> **What to produce**: For the records below, output word for word the lines from the one with "Australian Cattle Dog" up to and including the one with "Angle 90° Rp". No pictures.

> **Source information**:
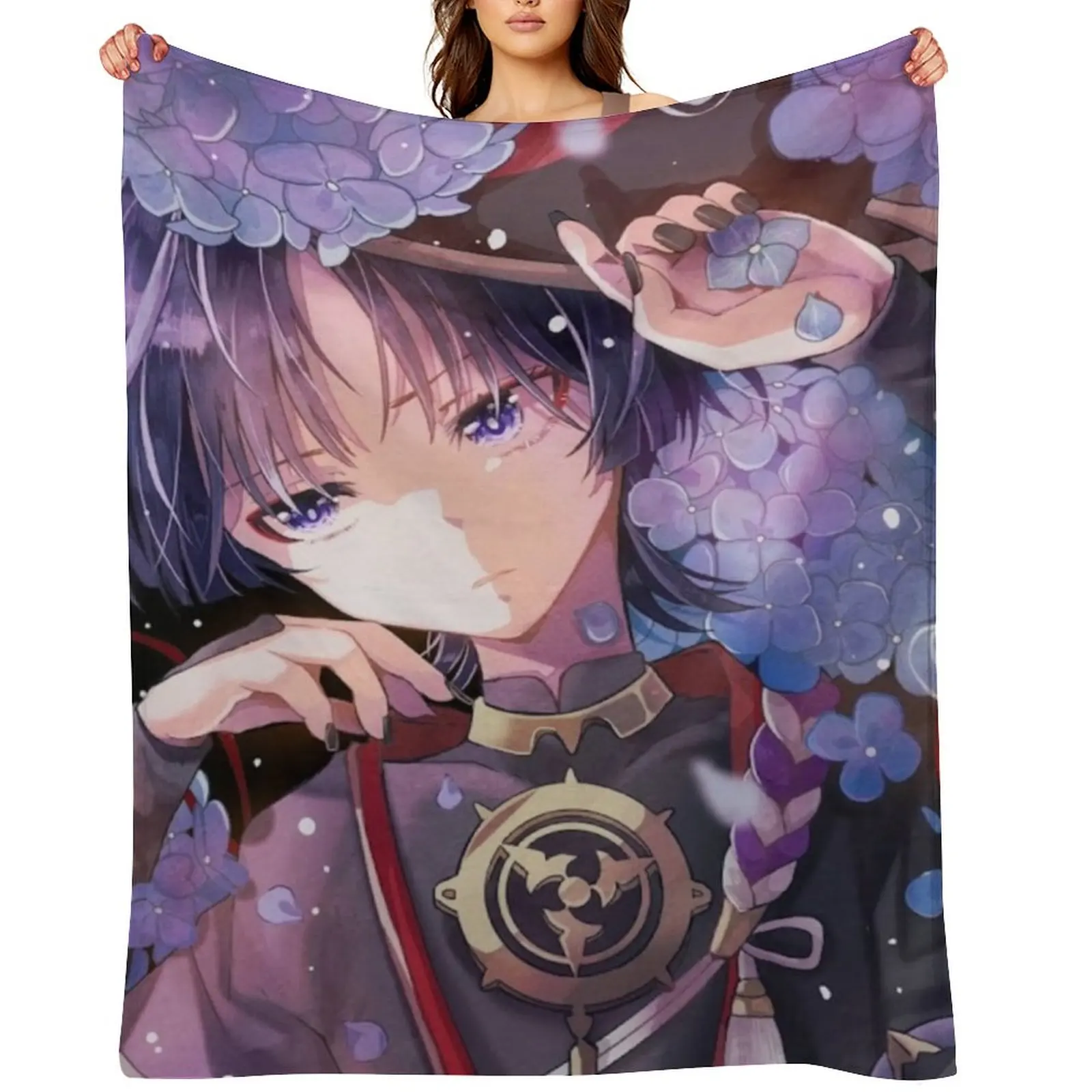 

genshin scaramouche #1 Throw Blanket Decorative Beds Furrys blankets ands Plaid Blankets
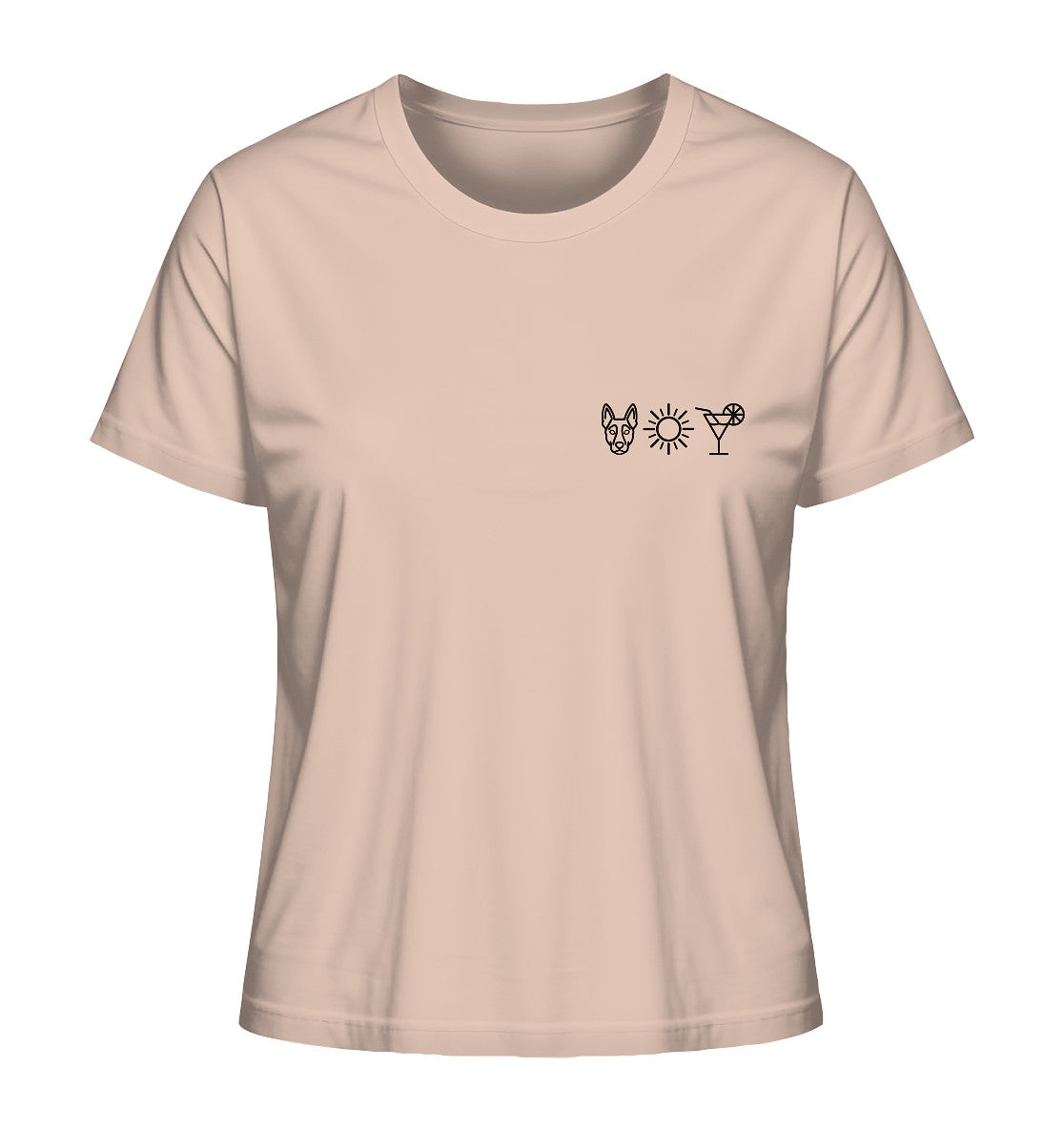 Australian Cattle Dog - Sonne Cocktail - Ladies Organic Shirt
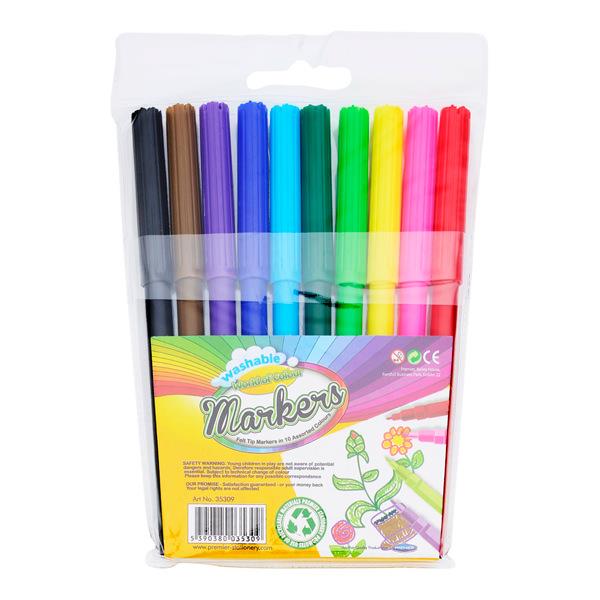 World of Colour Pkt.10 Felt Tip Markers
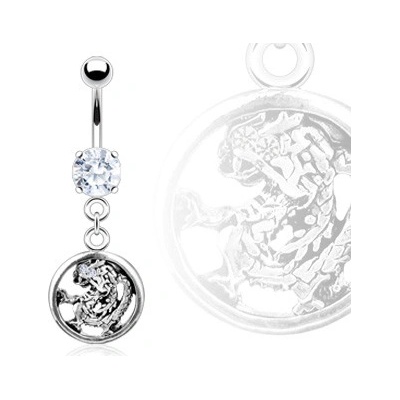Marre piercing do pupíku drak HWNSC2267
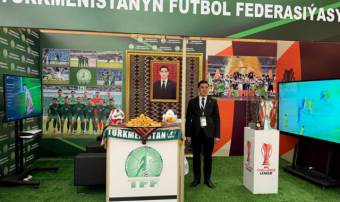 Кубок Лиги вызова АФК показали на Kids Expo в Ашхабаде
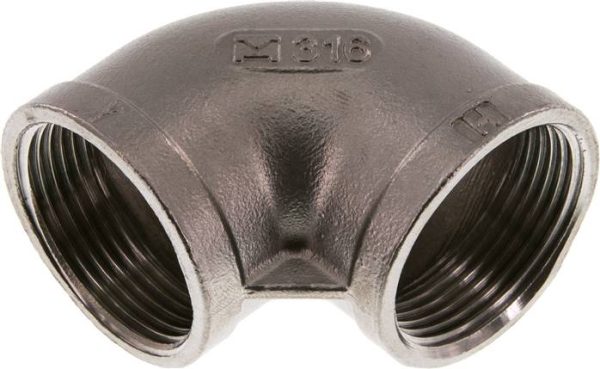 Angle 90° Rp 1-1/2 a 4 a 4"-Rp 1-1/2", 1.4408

* * *

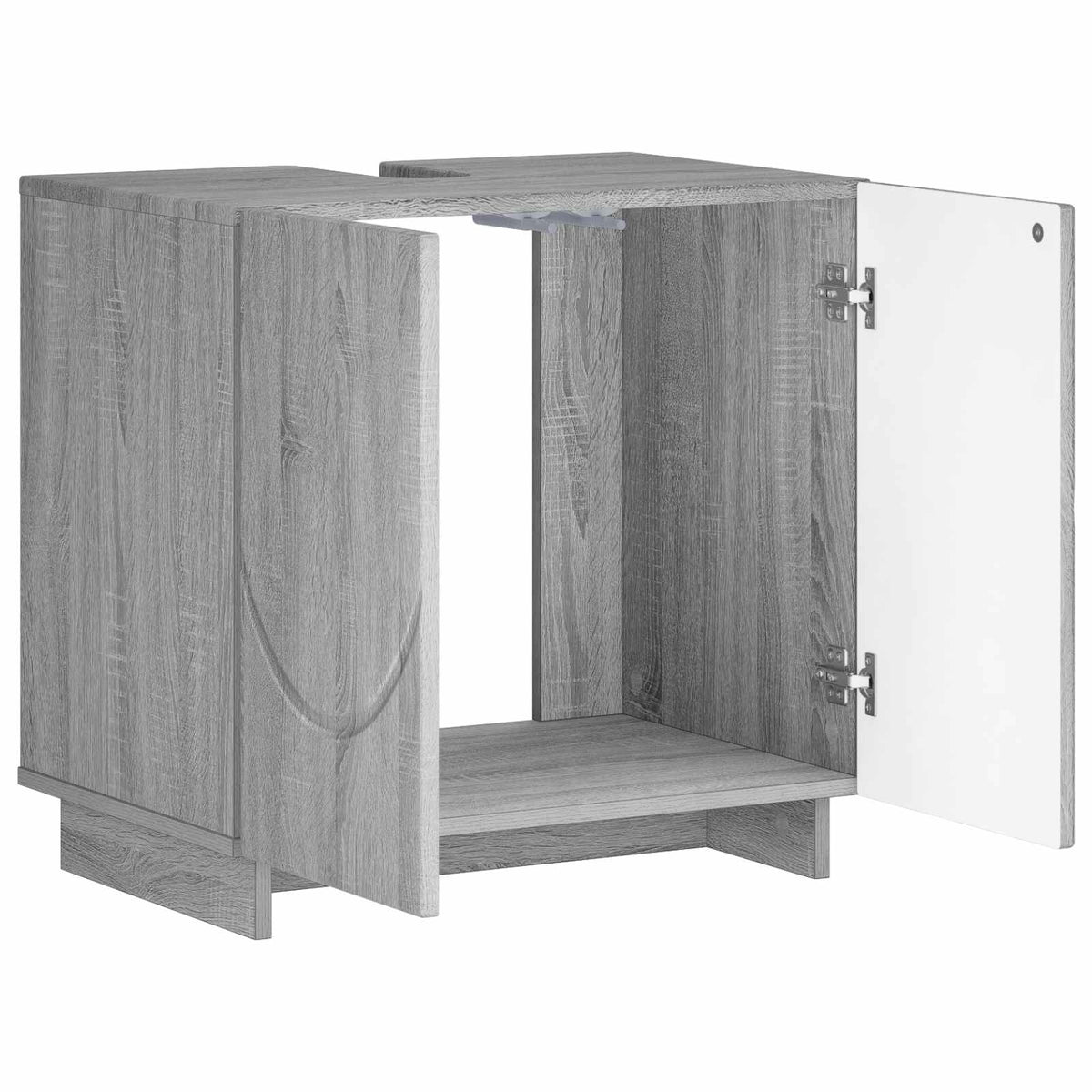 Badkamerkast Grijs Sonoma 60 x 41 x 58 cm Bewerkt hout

* * *

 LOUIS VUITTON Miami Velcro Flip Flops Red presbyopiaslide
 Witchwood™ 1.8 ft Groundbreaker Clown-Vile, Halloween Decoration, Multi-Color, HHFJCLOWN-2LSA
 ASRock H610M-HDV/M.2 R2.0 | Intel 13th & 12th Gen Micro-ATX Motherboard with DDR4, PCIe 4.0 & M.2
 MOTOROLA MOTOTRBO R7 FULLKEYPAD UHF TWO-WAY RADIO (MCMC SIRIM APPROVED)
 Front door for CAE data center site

> **Solution**:
 Australian Cattle Dog - Sonne Cocktail - Ladies Organic Shirt
 World of Colour Pkt.10 Felt Tip Markers
Marre piercing do pupíku drak HWNSC2267
 Кубок Лиги вызова АФК показали на Kids Expo в Ашхабаде
 Angle 90° Rp 1-1/2 a 4 a 4"-Rp 1-1/2", 1.4408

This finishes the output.